Mamafih, okuyucuya altın darbe yazının sonundaki özet
bölümünde vuruluyor. Okuyucuya altın darbe, hükümete altın öğüt veya “talimat!” Yine birlikte okuyalım:
“Özetle, DTP çevrelerinin “Asker operasyonlarını durdursun” şeklindeki
taleplerinin gerçekçi olmadığını defalarca yazıp söylemiş birisi olarak neye
hizmet ettiğini anlayamadığım şu KCK operasyonlarının sonlandırılmasının
çok isabetli olacağını düşünüyorum.
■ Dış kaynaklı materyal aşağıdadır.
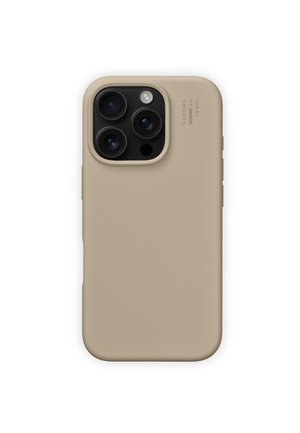 Beige phone case made of smooth silicone, designed to fit snugly, with cutouts for camera lenses and logo. Simple, minimalistic shape.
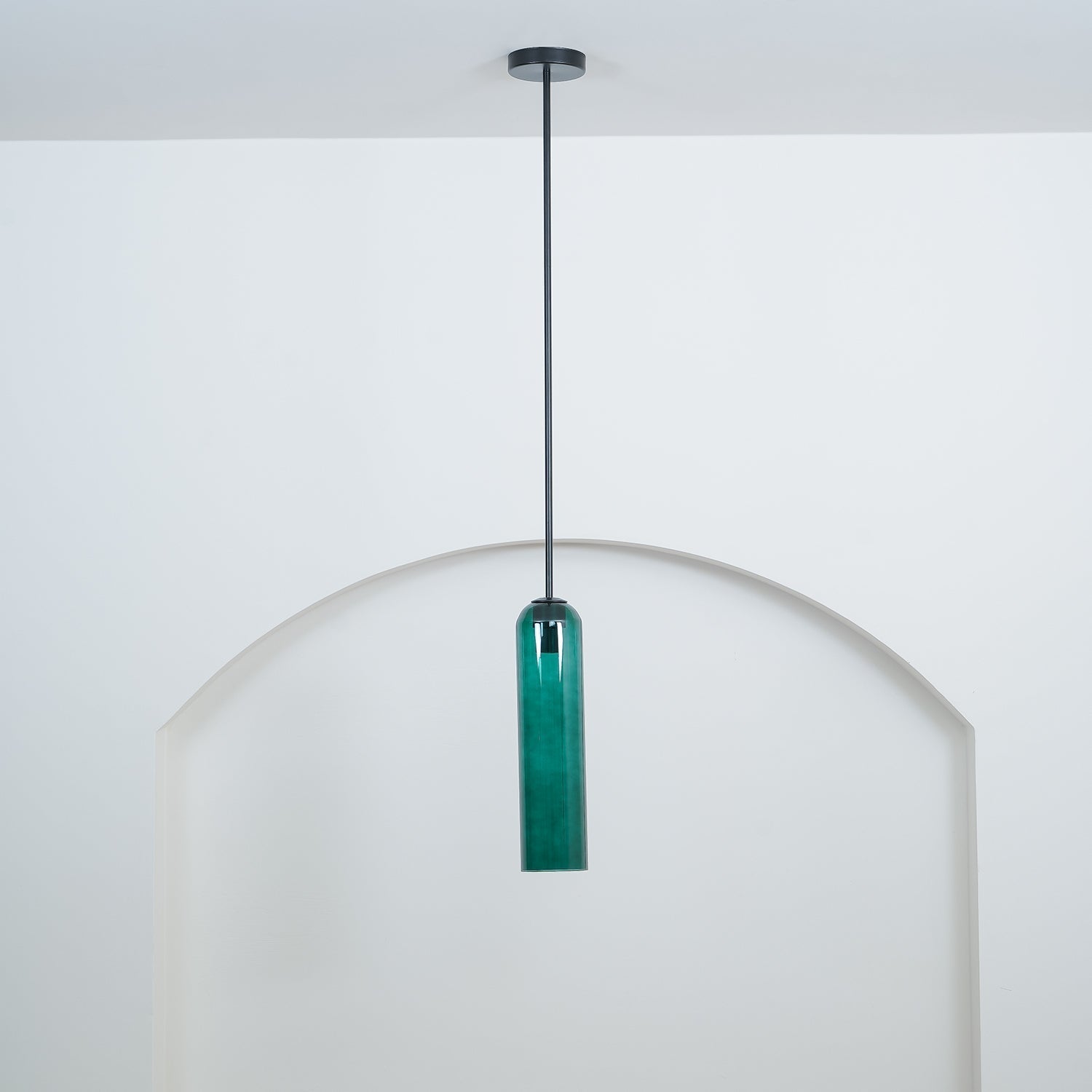 Modern Cylindrical Long Tube Glass Pendant Lamp Minimalist Hanging Ceiling Fixture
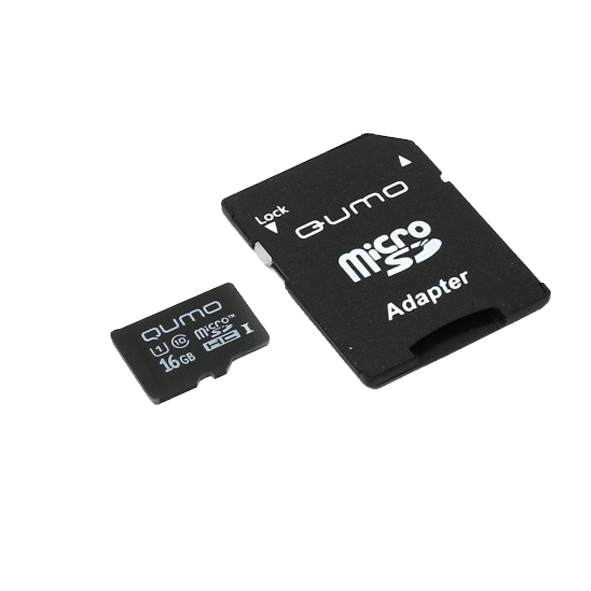 Карта памяти MicroSD 16GB QUMO Class 10 UHS-I + SD адаптер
PKK’yı DTP’leştirmek
varken DTP’yi PKK’laştırma sevdasından vazgeçilmemesi durumunda onca umuda yol
açan açılımın başarılı olma şansı kalmayabilir.”
Soruyoruz:
Ruşen Çakır, yasadışı olduğu iddiasıyla, bir örgüt
üzerinde yürütülen bir operasyonun “durdurulmasını” hangi cüret ve cesaretle
isteyebiliyor?
Bu operasyon hâkim ve savcı nezaretinde yapıldığına
göre bu tavsiyeler yargıya da bir müdahale olmuyor mu?
Eğer, yazar bu tavsiyelerini sadece hükümete
yapıyorsa, yasadışı yapılanmalara karşı, hükümetin;
yargının elini kolunu bağlayabileceğini mi düşünmektedir?
Yazarı bu derece pervasız “talimat” derecesine varan
tavsiyelerde bulunmaya iten sebepler nelerdir? Siyasi boyutu olan davalardaki
soruşturma ve yargı safhası da siyasî bir seyir mi takip etmektedir?
Dolayısıyla siyasî iradenin bir işaretiyle operasyonlar başlayıp bitebilmekte
midir?
Nihayet son soru; hükümetin, “güvenlik bürokrasisi”nin ve yargı erkinin yasadışı oluşumları görmezden gelme yetkisi var mıdır ki bu yazar böyle tavsiyelerde bulunabiliyor?